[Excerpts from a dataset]

========================

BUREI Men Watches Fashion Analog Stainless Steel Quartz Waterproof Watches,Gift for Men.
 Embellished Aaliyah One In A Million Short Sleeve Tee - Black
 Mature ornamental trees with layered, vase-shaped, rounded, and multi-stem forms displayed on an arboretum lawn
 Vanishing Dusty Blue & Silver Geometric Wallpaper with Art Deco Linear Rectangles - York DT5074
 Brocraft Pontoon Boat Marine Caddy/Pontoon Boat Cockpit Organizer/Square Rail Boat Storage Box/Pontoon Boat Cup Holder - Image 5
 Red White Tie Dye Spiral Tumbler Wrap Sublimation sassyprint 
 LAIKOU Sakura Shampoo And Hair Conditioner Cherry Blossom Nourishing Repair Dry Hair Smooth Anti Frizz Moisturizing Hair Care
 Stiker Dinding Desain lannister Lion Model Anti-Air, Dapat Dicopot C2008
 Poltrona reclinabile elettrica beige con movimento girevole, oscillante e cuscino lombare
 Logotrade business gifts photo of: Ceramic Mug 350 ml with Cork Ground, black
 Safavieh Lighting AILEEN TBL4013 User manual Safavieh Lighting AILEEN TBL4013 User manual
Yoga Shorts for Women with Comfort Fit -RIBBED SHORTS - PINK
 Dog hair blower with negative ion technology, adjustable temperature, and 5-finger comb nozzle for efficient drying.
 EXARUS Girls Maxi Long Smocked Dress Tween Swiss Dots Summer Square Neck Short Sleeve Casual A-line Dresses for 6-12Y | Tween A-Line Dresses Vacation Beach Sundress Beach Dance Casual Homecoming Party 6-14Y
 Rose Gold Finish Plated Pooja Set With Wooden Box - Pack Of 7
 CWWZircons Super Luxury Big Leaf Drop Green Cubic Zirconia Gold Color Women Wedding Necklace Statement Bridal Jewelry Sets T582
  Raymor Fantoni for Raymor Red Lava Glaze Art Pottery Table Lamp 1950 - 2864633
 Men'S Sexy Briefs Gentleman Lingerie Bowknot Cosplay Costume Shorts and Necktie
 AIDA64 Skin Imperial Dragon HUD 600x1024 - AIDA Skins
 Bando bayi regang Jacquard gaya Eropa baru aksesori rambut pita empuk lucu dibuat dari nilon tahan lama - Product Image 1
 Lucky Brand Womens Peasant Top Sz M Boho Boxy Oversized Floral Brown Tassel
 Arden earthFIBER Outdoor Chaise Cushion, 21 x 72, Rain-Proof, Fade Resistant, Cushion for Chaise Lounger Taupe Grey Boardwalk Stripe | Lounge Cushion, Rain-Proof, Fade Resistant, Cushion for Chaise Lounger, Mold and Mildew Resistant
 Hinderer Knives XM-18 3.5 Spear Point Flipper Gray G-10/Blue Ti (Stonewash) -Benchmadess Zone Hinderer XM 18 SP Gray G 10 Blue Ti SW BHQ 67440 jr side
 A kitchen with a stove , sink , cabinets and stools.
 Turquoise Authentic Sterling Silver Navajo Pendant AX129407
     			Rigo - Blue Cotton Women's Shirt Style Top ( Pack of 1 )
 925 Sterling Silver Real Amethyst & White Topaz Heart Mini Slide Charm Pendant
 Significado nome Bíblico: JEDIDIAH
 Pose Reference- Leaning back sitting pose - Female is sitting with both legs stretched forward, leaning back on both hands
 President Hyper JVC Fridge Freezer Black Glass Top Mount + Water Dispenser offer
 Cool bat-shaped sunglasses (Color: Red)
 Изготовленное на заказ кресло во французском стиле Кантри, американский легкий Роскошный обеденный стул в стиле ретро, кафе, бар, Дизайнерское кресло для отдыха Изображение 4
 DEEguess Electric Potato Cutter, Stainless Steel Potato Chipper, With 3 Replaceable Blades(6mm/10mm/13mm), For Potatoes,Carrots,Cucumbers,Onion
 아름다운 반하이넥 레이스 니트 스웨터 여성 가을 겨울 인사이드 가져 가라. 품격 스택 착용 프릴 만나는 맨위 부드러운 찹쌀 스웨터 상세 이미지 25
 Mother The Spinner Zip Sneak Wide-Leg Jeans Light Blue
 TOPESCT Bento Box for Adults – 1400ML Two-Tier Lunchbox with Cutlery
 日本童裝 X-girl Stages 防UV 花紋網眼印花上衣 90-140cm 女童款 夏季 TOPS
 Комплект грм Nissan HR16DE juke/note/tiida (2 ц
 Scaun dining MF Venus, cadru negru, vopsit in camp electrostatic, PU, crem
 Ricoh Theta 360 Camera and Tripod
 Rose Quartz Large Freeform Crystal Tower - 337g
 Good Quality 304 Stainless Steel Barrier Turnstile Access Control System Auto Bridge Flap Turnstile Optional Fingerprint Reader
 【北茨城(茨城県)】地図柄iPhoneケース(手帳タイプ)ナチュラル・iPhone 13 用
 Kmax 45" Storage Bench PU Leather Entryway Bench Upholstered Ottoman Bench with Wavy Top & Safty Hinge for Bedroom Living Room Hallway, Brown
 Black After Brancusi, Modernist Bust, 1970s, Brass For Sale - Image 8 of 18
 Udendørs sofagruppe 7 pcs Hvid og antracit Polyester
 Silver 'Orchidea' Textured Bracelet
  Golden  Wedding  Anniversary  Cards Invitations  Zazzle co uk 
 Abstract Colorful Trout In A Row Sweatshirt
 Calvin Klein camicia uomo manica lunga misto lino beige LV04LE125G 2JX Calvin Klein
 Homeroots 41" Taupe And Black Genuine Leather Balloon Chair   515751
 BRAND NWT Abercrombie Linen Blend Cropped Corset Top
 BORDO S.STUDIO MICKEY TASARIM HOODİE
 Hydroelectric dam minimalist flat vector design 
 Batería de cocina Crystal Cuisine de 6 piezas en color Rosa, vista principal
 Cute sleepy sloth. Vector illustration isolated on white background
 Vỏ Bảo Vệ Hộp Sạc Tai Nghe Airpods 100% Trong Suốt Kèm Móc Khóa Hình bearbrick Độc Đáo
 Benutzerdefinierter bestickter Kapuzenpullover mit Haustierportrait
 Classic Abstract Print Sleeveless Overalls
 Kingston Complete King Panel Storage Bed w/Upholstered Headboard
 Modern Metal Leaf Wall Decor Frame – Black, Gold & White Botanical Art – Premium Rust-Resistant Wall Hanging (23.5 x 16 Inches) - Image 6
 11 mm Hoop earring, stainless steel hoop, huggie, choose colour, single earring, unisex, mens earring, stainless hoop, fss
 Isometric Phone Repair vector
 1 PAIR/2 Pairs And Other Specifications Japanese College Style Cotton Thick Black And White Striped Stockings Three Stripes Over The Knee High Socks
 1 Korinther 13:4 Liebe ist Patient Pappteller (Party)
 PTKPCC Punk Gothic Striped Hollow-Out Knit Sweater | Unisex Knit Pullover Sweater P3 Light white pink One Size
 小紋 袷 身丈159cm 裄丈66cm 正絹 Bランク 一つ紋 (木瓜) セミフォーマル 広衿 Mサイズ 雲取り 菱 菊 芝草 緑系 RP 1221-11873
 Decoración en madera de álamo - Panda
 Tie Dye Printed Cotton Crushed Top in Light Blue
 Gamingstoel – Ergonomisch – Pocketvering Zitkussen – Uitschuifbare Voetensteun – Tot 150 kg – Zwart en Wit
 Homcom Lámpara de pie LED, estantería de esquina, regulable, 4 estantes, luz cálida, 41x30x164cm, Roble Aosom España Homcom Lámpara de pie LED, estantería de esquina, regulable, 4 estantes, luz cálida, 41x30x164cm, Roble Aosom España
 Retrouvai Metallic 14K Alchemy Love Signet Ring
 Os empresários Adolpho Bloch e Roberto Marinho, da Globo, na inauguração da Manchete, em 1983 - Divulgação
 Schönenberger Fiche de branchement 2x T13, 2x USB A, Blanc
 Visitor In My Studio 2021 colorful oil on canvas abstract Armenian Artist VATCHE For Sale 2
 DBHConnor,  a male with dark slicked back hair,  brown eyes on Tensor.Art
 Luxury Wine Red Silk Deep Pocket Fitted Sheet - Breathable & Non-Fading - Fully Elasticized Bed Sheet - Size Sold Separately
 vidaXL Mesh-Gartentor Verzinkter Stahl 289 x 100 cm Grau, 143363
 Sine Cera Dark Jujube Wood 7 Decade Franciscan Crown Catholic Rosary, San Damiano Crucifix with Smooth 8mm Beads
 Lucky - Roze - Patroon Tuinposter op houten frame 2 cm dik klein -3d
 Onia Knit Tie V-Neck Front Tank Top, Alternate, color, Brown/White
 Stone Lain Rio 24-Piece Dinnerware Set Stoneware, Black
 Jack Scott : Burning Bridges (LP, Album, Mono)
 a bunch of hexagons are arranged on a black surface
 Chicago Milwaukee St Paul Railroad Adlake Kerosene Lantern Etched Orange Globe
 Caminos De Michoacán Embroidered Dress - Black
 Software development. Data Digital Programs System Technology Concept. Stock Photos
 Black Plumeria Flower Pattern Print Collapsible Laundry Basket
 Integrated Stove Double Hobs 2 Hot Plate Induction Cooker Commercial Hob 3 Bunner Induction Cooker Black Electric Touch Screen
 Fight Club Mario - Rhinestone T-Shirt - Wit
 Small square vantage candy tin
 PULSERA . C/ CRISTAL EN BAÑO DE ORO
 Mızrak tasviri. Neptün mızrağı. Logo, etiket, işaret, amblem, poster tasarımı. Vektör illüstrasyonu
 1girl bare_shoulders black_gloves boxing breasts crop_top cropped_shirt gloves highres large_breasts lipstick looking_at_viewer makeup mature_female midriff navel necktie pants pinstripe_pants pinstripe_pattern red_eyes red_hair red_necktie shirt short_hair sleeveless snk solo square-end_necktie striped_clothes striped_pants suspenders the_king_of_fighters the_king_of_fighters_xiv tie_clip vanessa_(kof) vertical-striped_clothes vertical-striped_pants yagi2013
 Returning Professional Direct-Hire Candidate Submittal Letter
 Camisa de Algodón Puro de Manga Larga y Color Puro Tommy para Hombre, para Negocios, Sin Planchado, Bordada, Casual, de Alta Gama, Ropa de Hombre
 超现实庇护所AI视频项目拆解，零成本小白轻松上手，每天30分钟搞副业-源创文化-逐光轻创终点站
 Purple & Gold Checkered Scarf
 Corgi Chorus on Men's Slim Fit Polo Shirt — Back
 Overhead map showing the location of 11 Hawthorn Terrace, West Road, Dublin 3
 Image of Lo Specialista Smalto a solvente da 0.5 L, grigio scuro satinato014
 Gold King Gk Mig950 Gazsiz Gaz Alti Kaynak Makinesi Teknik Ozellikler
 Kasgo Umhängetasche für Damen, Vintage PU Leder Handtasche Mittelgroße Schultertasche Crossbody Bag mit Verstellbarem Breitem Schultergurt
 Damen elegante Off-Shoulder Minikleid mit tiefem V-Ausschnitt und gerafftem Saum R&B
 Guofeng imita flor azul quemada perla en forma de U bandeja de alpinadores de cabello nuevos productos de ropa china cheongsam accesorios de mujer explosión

========================

* What is being asked:
Repeat the entries above exactly, from the first line through the line containing "Vanishing Dusty Blue".

* Solution for this exercise:
BUREI Men Watches Fashion Analog Stainless Steel Quartz Waterproof Watches,Gift for Men.
 Embellished Aaliyah One In A Million Short Sleeve Tee - Black
 Mature ornamental trees with layered, vase-shaped, rounded, and multi-stem forms displayed on an arboretum lawn
 Vanishing Dusty Blue & Silver Geometric Wallpaper with Art Deco Linear Rectangles - York DT5074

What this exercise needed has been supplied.